Mr. Golan claimed depreciation of $255,000 and an energy investment credit of $90,000 (30 percent of $300,000). The Internal Revenue Service (IRS) disallowed the deduction and credit, although citing inaccurate and irrelevant code sections. As such, the IRS held the burden of proof for the following issues subsequently raised:

  • Petitioner failed to establish a basis in the property
  • Petitioner did not satisfy the requirements of section 168(k)(5) for 100 percent special depreciation
  • Petitioner did not have sufficient amounts at risk under section 465
  • Losses attributed to petitioner are subject to section 469 passive activity loss limitations

Analysis and conclusions

For each issue, the Tax Court ruled as follows:

  • In order to claim the depreciation and credit, the taxpayer must have a tax basis in the property. Mr. Golan did not pay towards the down payment in 2011, and the tax rebates were assigned to Mr. Salveson (which acted as a price reduction). Therefore, the note of $152,250 is Mr. Golan’s basis in the equipment.
  • Depreciation under section 168(k)(5) is dependent on when the property is placed in service. As Mr. Golan purchased the equipment in 2011, it was therefore acquired by him in 2011 and cannot be placed in service prior. Additionally, because the equipment was not connected to the grid until 2011, it is considered placed in service in 2011 and eligible for the accelerated depreciation.
  • Section 465 limits the loss deduction to the amount at risk. Reviewing the facts and circumstances and the possibility of Mr. Salveson’s continuing interest in the equipment, Mr. Golan did maintain financial risk as the promissory note required monthly payments of revenue generated. Mr. Salveson’s right to the gross revenue is permitted within the regulations, and Mr. Golan was at risk with respect to the $152,250 promissory note.
  • Under section 469, passive activity losses cannot reduce income from non-passive activities. With reference to case law, Mr. Golan materially participated in the solar activity on a continuous, substantial basis with over 100 hours on the activity in 2011 (which is not less than that of any other individual).

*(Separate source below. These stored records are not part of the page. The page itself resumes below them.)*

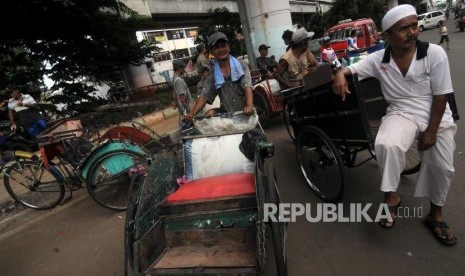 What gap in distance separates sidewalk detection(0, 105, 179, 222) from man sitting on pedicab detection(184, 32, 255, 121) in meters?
3.49

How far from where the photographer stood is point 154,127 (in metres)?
8.88

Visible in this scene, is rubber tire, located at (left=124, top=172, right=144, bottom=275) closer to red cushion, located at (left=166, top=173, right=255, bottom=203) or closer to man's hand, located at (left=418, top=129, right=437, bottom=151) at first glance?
red cushion, located at (left=166, top=173, right=255, bottom=203)

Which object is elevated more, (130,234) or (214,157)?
(214,157)

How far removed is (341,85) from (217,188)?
4.54 ft

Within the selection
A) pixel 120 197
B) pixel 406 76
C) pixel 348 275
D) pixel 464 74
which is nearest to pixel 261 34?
pixel 464 74

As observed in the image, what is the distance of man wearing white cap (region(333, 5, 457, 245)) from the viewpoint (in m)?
2.29

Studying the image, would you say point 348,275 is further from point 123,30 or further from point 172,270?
point 123,30

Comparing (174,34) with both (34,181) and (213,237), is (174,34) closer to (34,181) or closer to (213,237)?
(34,181)

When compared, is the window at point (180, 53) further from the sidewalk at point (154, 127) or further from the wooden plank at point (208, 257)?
the wooden plank at point (208, 257)

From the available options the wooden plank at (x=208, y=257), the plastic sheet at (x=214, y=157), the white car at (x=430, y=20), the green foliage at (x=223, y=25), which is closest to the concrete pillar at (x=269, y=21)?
the green foliage at (x=223, y=25)

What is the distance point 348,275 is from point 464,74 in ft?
25.1

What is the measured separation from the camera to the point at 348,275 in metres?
2.35

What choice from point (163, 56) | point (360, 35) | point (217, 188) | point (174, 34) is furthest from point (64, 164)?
point (174, 34)

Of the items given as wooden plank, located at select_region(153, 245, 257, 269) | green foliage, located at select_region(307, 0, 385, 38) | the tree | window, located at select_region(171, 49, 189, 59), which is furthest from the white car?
wooden plank, located at select_region(153, 245, 257, 269) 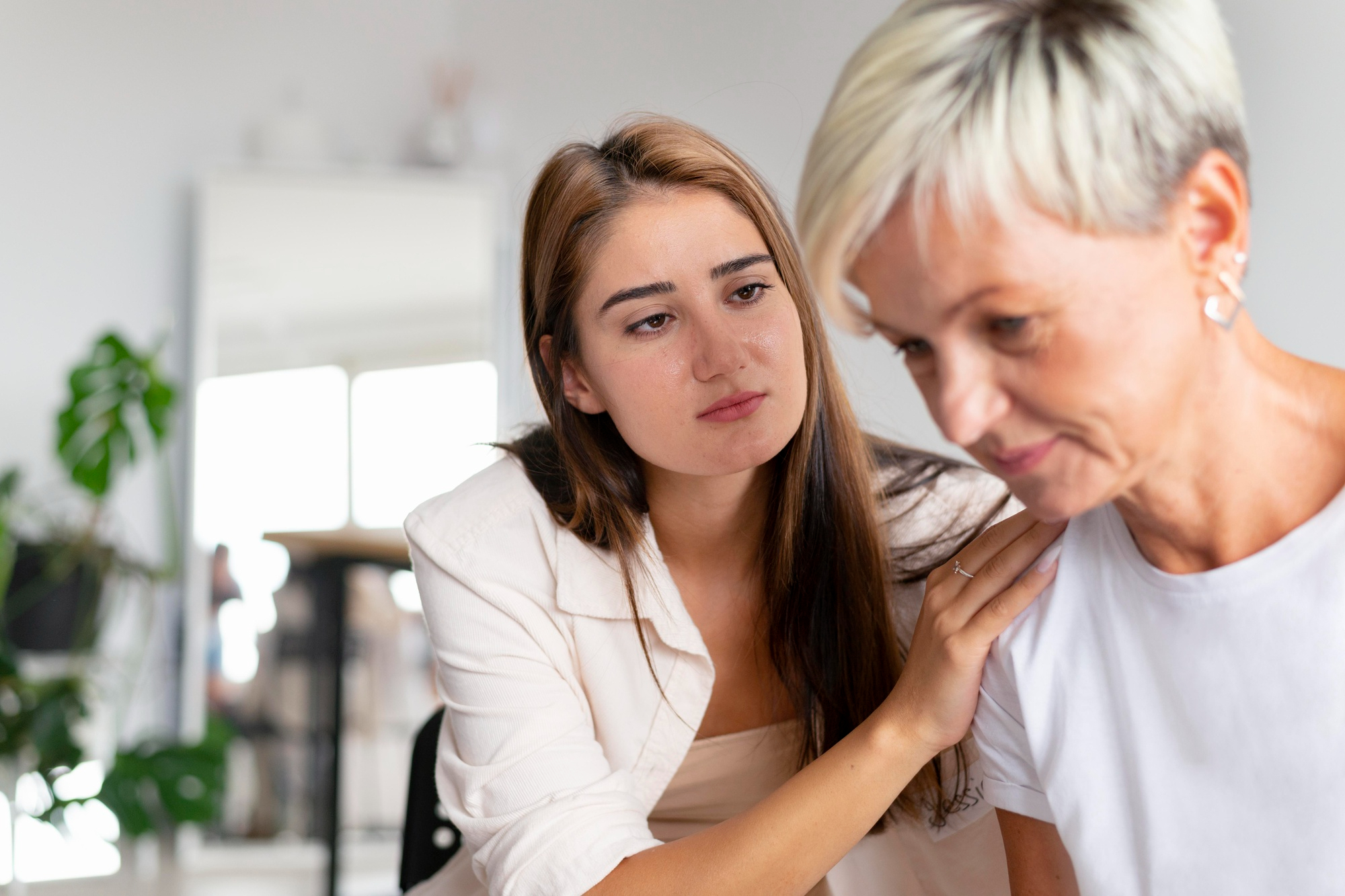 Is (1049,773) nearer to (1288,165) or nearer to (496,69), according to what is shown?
(1288,165)

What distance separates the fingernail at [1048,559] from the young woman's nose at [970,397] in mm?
244

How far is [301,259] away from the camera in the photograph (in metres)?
3.51

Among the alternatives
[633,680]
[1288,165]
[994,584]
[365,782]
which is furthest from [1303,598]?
[365,782]

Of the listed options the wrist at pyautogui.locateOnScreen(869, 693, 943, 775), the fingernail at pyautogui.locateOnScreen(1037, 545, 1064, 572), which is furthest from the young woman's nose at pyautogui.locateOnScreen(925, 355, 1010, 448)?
the wrist at pyautogui.locateOnScreen(869, 693, 943, 775)

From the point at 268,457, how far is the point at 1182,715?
117 inches

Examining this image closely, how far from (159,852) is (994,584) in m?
3.24

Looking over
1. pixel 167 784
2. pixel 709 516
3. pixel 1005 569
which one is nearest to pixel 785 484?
pixel 709 516

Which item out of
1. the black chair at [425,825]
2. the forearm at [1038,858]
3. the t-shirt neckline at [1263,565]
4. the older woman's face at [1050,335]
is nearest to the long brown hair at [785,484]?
the forearm at [1038,858]

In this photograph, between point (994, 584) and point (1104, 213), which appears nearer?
point (1104, 213)

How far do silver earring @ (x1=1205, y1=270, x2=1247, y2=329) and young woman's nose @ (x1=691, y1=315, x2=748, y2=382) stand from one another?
598 millimetres

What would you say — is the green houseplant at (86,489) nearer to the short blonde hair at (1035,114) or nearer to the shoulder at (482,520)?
the shoulder at (482,520)

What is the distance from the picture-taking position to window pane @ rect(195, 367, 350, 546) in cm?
341

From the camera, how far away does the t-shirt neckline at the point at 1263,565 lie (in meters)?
0.80

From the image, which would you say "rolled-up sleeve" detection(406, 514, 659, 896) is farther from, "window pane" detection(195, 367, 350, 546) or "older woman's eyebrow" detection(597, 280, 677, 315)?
"window pane" detection(195, 367, 350, 546) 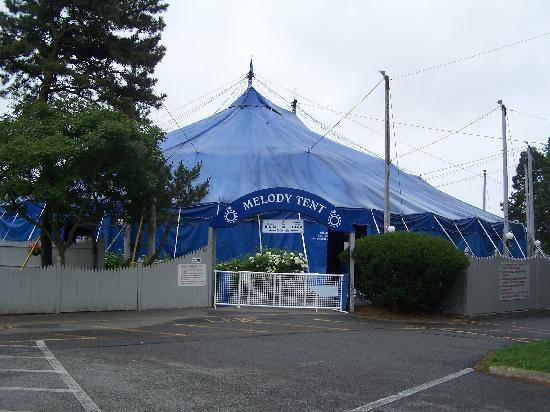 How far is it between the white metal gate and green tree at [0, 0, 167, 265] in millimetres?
6141

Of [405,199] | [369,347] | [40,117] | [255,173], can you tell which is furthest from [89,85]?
[405,199]

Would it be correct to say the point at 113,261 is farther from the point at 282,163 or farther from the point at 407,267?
the point at 407,267

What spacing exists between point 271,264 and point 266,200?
2314mm

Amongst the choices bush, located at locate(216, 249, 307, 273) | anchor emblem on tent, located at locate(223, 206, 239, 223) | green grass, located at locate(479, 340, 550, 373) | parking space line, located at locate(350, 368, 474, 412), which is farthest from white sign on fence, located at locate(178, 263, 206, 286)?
parking space line, located at locate(350, 368, 474, 412)

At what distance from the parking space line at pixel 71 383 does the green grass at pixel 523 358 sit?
6.20 m

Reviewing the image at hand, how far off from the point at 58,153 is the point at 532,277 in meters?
18.3

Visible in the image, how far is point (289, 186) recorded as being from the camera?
2703cm

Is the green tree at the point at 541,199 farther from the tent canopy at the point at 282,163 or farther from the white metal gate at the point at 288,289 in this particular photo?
the white metal gate at the point at 288,289

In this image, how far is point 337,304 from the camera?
66.4 ft

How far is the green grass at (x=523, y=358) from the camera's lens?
9.97 metres

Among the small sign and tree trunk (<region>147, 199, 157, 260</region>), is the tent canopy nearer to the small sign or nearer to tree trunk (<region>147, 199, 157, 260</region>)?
the small sign

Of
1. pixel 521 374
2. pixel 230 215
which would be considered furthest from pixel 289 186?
pixel 521 374

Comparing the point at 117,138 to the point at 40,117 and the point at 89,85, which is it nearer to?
the point at 40,117

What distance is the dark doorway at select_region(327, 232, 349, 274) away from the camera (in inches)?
1086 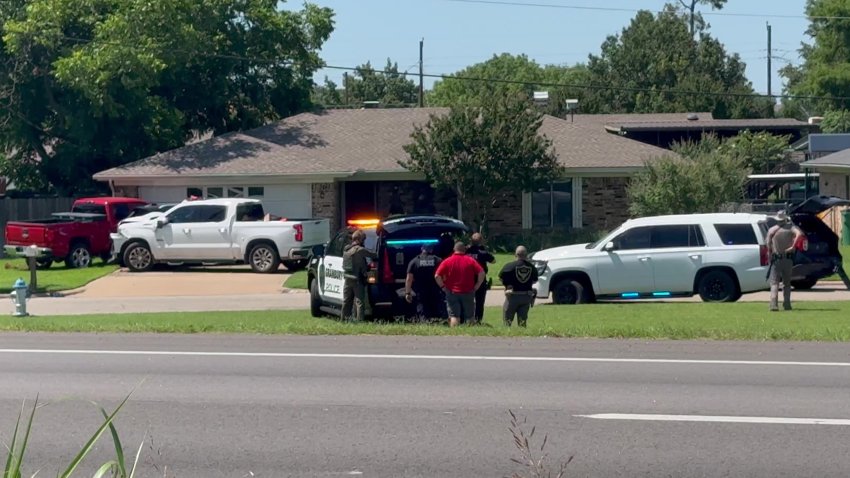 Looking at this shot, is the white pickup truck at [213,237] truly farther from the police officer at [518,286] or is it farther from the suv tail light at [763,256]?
the police officer at [518,286]

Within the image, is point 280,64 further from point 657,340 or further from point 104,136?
point 657,340

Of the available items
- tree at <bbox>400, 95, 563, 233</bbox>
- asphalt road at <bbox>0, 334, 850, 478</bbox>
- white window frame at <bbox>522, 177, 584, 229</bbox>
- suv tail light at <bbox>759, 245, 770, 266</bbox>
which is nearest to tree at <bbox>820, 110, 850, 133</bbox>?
white window frame at <bbox>522, 177, 584, 229</bbox>

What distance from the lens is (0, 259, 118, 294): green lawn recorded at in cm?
2752

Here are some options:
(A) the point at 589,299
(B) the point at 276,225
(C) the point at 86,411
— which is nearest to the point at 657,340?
(C) the point at 86,411

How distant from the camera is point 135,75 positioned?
120ft

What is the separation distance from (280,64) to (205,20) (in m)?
4.86

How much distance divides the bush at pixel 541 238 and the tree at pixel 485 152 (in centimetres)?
158

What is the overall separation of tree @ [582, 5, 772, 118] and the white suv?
170 ft

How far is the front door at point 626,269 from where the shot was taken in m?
→ 22.0

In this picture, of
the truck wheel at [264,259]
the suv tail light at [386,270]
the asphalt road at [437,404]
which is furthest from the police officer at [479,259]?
the truck wheel at [264,259]

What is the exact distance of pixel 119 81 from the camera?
37031mm

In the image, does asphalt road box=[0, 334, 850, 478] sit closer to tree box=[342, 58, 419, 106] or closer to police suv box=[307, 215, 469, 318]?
police suv box=[307, 215, 469, 318]

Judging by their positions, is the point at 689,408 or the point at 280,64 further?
the point at 280,64

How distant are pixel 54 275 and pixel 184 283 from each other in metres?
3.79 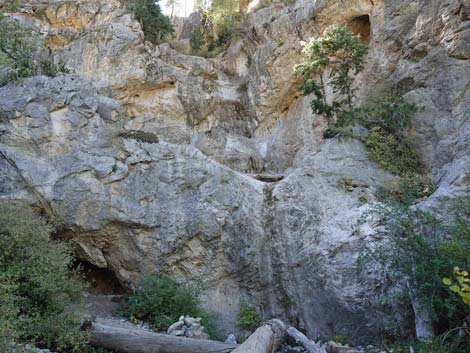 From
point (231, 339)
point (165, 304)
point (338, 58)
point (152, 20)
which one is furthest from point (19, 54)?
point (231, 339)

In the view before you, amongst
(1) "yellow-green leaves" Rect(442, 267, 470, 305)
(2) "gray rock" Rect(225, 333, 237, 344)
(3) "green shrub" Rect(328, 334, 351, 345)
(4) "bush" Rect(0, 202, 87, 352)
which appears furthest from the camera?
(2) "gray rock" Rect(225, 333, 237, 344)

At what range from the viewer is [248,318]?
1189 centimetres

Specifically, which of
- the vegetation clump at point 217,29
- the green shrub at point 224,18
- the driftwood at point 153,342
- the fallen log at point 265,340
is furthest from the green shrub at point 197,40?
the driftwood at point 153,342

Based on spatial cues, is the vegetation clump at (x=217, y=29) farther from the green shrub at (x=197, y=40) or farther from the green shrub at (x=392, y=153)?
the green shrub at (x=392, y=153)

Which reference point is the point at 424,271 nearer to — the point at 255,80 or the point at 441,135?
the point at 441,135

The Tax Court also held that Mr. Golan acted with reasonable cause and in good faith, as he frequently met with his competent tax preparer and provided the necessary documentation. As such, Mr. Golan was not liable for accuracy related penalties.

Takeaways

  • Solar energy property that is to be connected to the energy grid is not considered placed in service until it is connected to the grid and capable of generating electricity, even if it is otherwise ready and available for testing.
  • It is possible for a party to purchase solar equipment that another party developed and constructed shortly before the solar arrays are placed in service and still be eligible to claim the energy investment credit; even if the original developer had already executed power purchase agreements with the property owners who will be using the solar energy.
  • Taxpayers should be mindful of the amounts considered at risk for purposes of calculating a tax basis.
  • In order to claim section 168(k) bonus depreciation, timing is crucial as allowance is only available “for the taxable year in which such property is placed in service.”
  • Section 465 deductions are only limited to amounts for which the taxpayer is at risk, oftentimes what they are personally liable for. Be mindful of any other parties that may have an interest in the property at question.
  • The passive activity loss limitations of section 469 may require a look into the taxpayer’s activities, including material participation activities involvement.
  • A facts and circumstances approach is used to defend again accuracy related penalties, primarily based on reasonable cause and good faith.